Se decide la solicitud de cumplimiento del fallo proferido en la acción de tutela promovida por Jaime Alberto Alí Alí y Saidy Habib Posada contra la Sala de Casación Penal de la Corte Suprema de Justicia.
I. ANTECEDENTES
1. Los promotores presentaron acción de tutela por la presunta vulneración de sus derechos fundamentales al debido proceso, igualdad y vivienda por parte de la Sala de Casación Penal de la Corte Suprema de Justicia, con ocasión del auto AP517-2020 del 19 de febrero de 2020, emitido en el proceso de extinción del derecho de dominio que se siguió sobre los bienes de Víctor Manuel Mejía Múnera, hoy fallecido, y Miguel Ángel Mejía Múnera, reclamados como de su propiedad.
2. El 1º de junio de 2020, Julia Emma Garzón de Gómez, aduciendo la calidad de «Presidenta» de la «Sala Jurisdiccional Disciplinaria Consejo Superior de la Judicatura» ordenó remitir el asunto, para trámite en primera instancia, al Consejo Seccional de la Judicatura de Bogotá (Expediente 110011102000202001485).
3. El 14 de julio de 20201, la Sala Jurisdiccional Disciplinaria del Consejo Seccional falló la tutela, negando «la protección de los derechos fundamentales al debido proceso y al acceso a la administración de justicia de que trata la acción incoada por los ciudadanos JAIME ALBERTO ALÍ ALÍ y SAIDY HABIB POSADA contra la SALA DE CASACIÓN PENAL DE LA CORTE SUPREMA DE JUSTICIA», porque no se verificaron los defectos alegados en la providencia cuestionada.
4. Impugnada la anterior determinación, el 8 de septiembre de 2020, «la Sala Jurisdiccional Disciplinaria del Consejo Superior de la Judicatura», dispuso «REVOCAR la sentencia de primera instancia proferida por la Sala Jurisdiccional Disciplinaria del Consejo Seccional de la Judicatura de Bogotá el 17 de julio de 2020, a través de la cual negó la acción de tutela instaurada por JAIME ALÍ ALÍ y SAIDY HABIB POSADA, contra la SALA DE CASACIÓN PENAL DE LA CORTE SUPREMA DE JUSTICIA, para en su lugar tutelar como mecanismo transitorio, el derecho al debido proceso, en conexidad al de la igualdad y propiedad, y en tal orden de ideas, ordenar a la entidad accionada en un término de 48 horas luego de notificada esta decisión, la cancelación de las medidas cautelares en el asunto bajo estudio, de conformidad con las consideraciones que preceden este acápite».
El documento referido fue suscrito por Alejandro Meza Cárdales, Magda Victoria Acosta Walteros, Fidalgo Javier Estupiñán, Camilo Montoya Reyes, Julia Emma Garzón de Gómez y Pedro Alonso Sanabria Buitrago. Los magistrados Acosta Walteros y Montoya Reyes salvaron el voto. El magistrado Carlos Mario Cano Diosa no asistió.
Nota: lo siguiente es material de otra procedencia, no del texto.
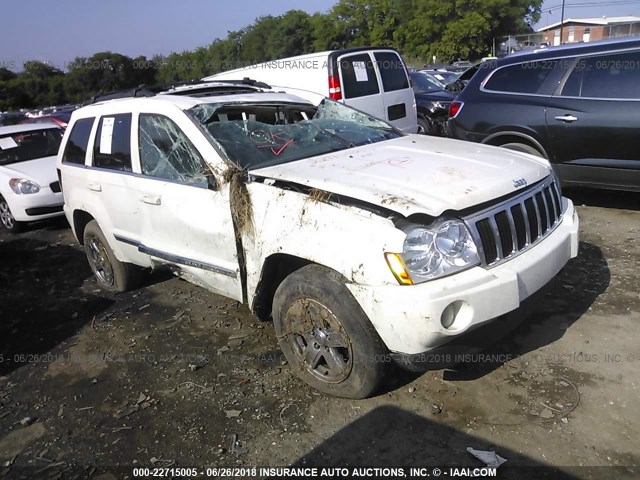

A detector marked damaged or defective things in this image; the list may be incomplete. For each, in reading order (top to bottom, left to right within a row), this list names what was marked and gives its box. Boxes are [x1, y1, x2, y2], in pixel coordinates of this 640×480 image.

broken window glass [139, 114, 209, 186]
shattered windshield [188, 97, 402, 169]
dented hood [252, 136, 552, 217]
white damaged suv [57, 82, 580, 398]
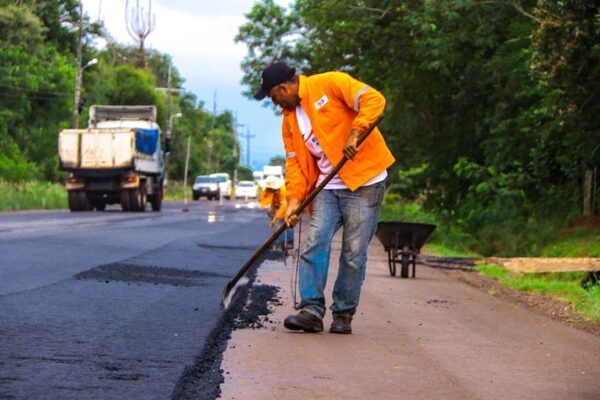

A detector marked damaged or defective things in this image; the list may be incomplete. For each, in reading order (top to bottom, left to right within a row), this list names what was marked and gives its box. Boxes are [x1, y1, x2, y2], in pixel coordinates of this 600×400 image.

asphalt patch [72, 262, 227, 288]
asphalt patch [170, 276, 280, 400]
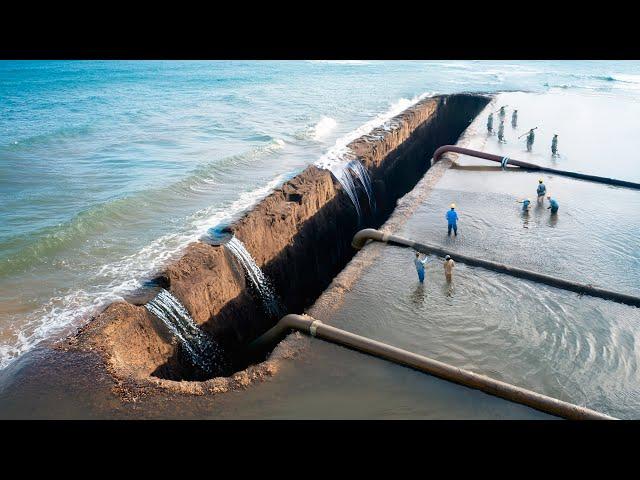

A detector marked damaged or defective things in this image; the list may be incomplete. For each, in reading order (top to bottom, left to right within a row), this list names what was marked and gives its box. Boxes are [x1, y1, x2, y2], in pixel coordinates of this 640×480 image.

rusty pipe section [430, 144, 640, 189]
rusty pipe section [352, 228, 640, 308]
rusty pipe section [249, 314, 616, 418]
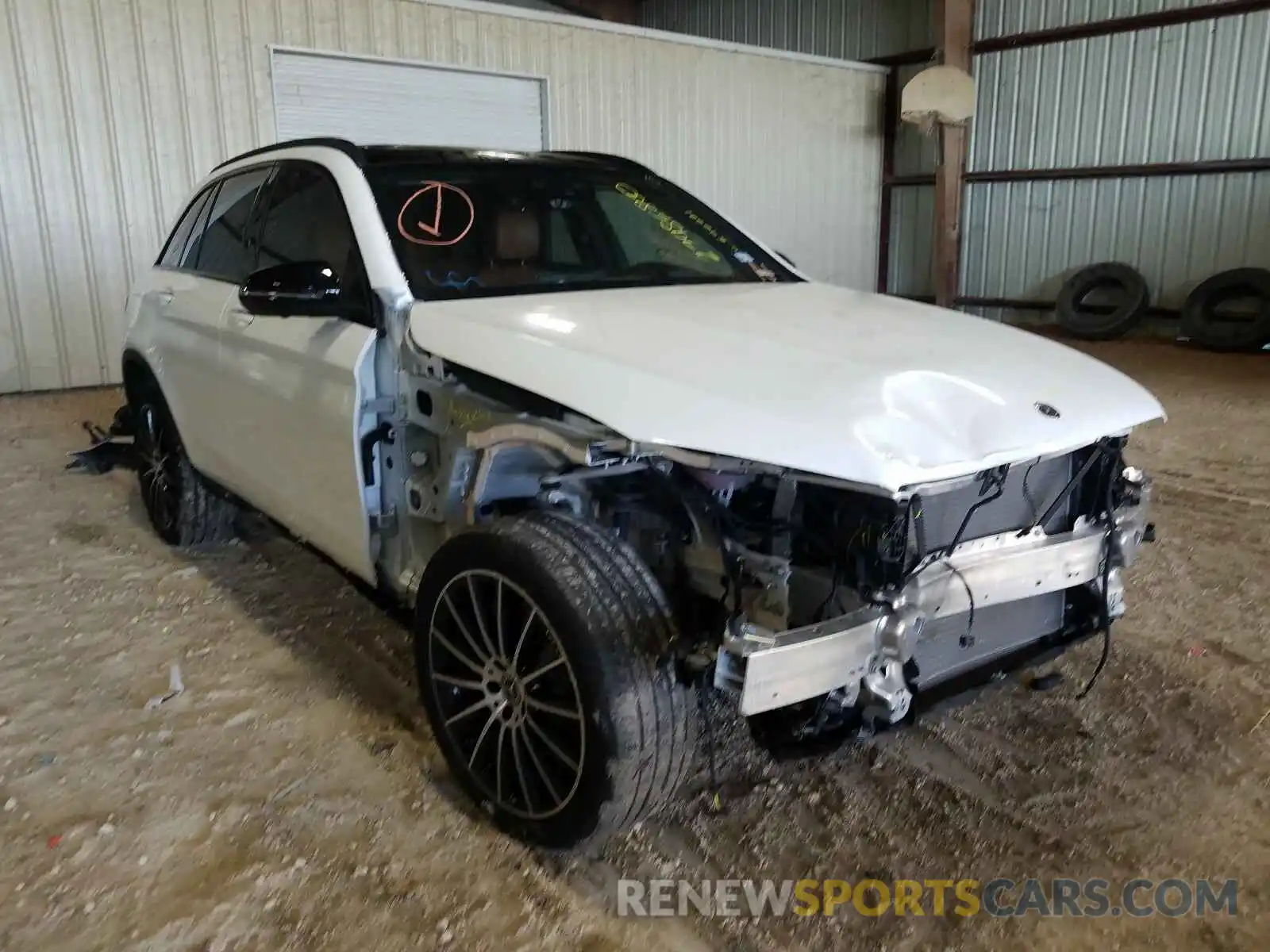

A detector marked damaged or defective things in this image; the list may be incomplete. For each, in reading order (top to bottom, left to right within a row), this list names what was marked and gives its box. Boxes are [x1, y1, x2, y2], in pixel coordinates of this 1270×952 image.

damaged white suv [110, 137, 1162, 844]
bent hood [406, 281, 1162, 492]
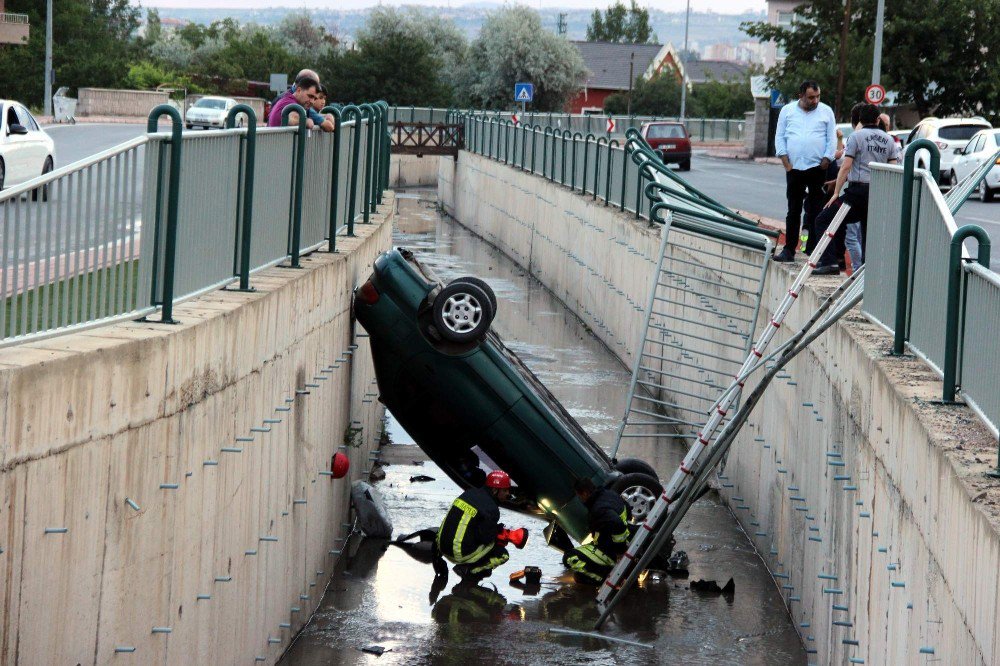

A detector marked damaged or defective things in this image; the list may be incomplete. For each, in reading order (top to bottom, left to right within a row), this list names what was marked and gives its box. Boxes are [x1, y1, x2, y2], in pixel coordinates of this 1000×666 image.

overturned green car [354, 246, 664, 544]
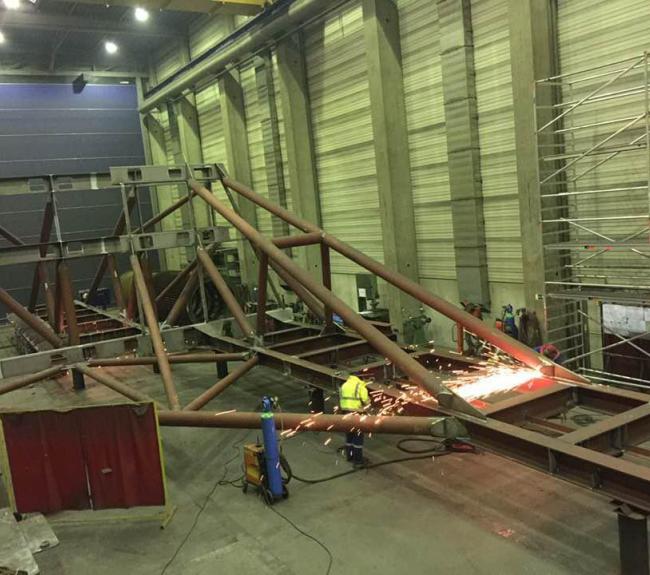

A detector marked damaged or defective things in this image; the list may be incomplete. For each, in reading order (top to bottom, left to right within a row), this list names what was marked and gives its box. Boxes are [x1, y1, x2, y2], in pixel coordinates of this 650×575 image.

5. El 9 de noviembre de 2020, los gestores presentaron solicitud de cumplimiento frente a lo resuelto en la acción de tutela e incidente de desacato, por lo cual, la Sala Jurisdiccional Disciplinaria del Consejo Seccional de la Judicatura de Bogotá requirió a la Sala accionada, que rindió informe el 13 de noviembre siguiente.
6. El 28 de enero de 2021, el magistrado de conocimiento de la Comisión Seccional de Disciplina Judicial de Bogotá dispuso el envío del expediente de la acción de tutela 2020-01485 a la Secretaría General de la Corte Suprema de Justicia, para que esta Corporación «continúe con el trámite de esta acción constitucional», más exactamente en lo atinente a «resolver la solicitud de la que da cuenta el informe secretarial de fecha 12 de enero de la presente anualidad», por la falta de competencia de la Comisión.
Como quiera que los documentos no fueron remitidos en su totalidad, el 17 de febrero de esta anualidad, el Despacho de conocimiento devolvió las diligencias, para que se precisara el trámite que originaba la remisión a esta Corporación.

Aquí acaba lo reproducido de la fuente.